Information provided →
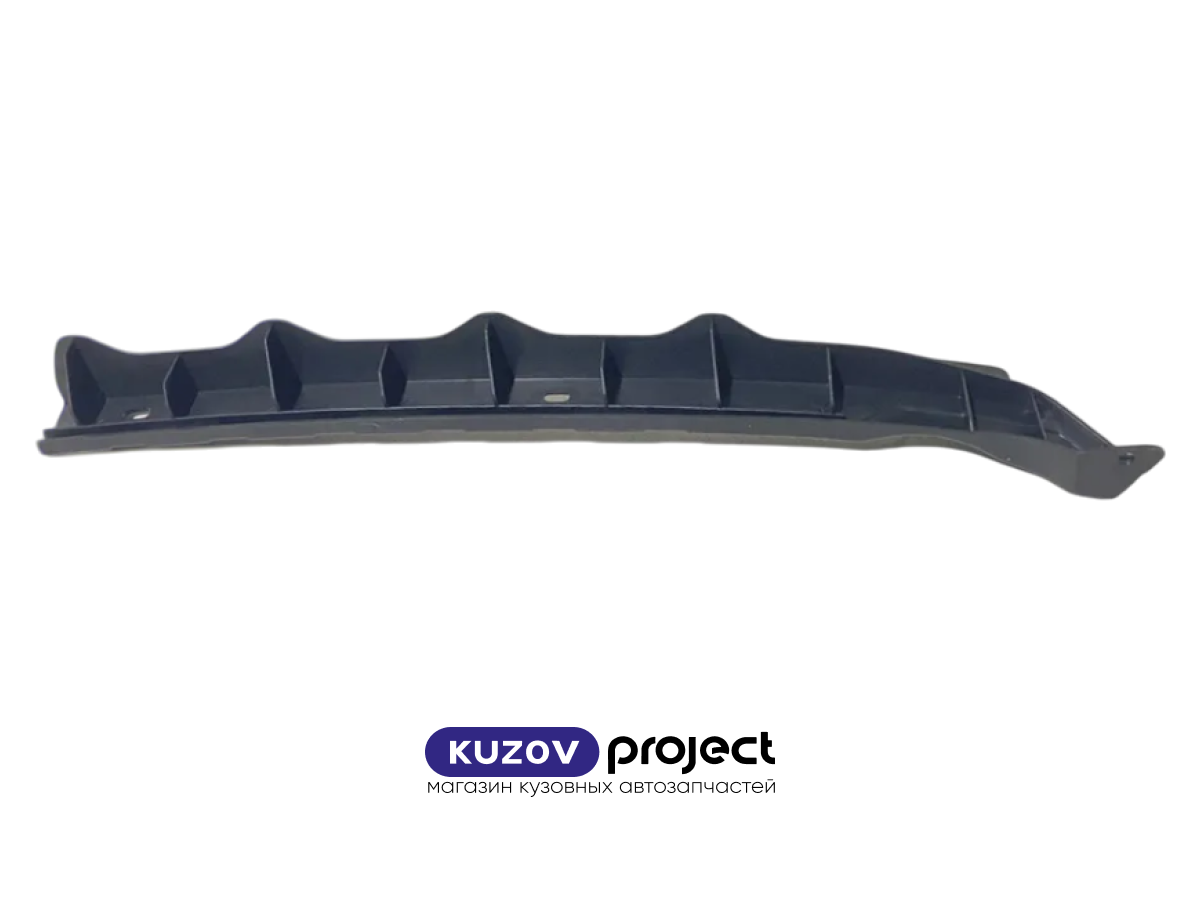 Крепление заднего бампера левое №1 Skoda Octavia 2008-2013 (Китай)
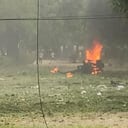 De manera preliminar se conoce que el hecho deja seis uniformados heridos y dos civiles muertos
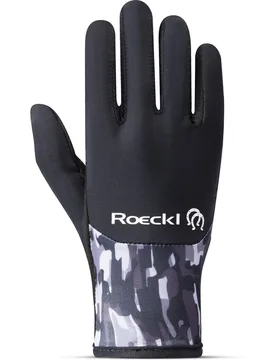 Kinder Reithandschuhe TRYON2 schwarz 6 - roeckl - FashionsVida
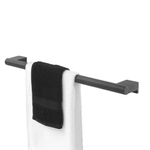 Tiger Bold Porte-serviettes - 60cm - simple - noir CO288630746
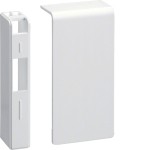 Hager SL2008069016 Endstück schnittkaschierend halogenfrei zu SL 20x80mm verkehrsweiß 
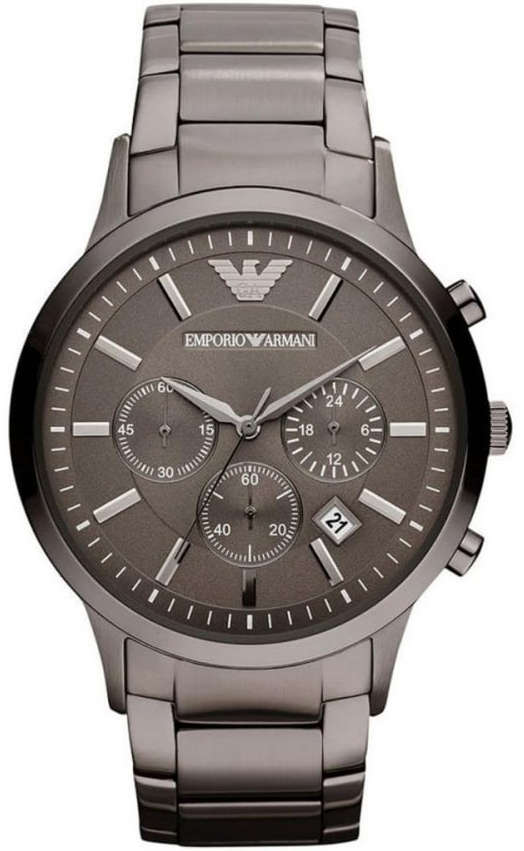 EMPORIO ARMANI AR2454 Men's Chronograph Watch | BRAND NEW | BOX INCLUDED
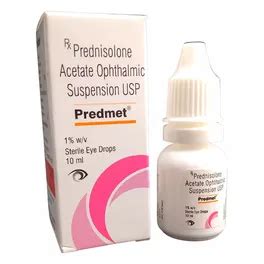Predmet 1% Eye Drops | Uses, Side Effects, Price | Apollo Pharmacy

Work item → Write out each line of the data above exactly, starting at the top and finishing with the line containing "Tiger Bold Porte-serviettes"; omit the pictures.

Final answer →
 Крепление заднего бампера левое №1 Skoda Octavia 2008-2013 (Китай)
 De manera preliminar se conoce que el hecho deja seis uniformados heridos y dos civiles muertos
 Kinder Reithandschuhe TRYON2 schwarz 6 - roeckl - FashionsVida
 Tiger Bold Porte-serviettes - 60cm - simple - noir CO288630746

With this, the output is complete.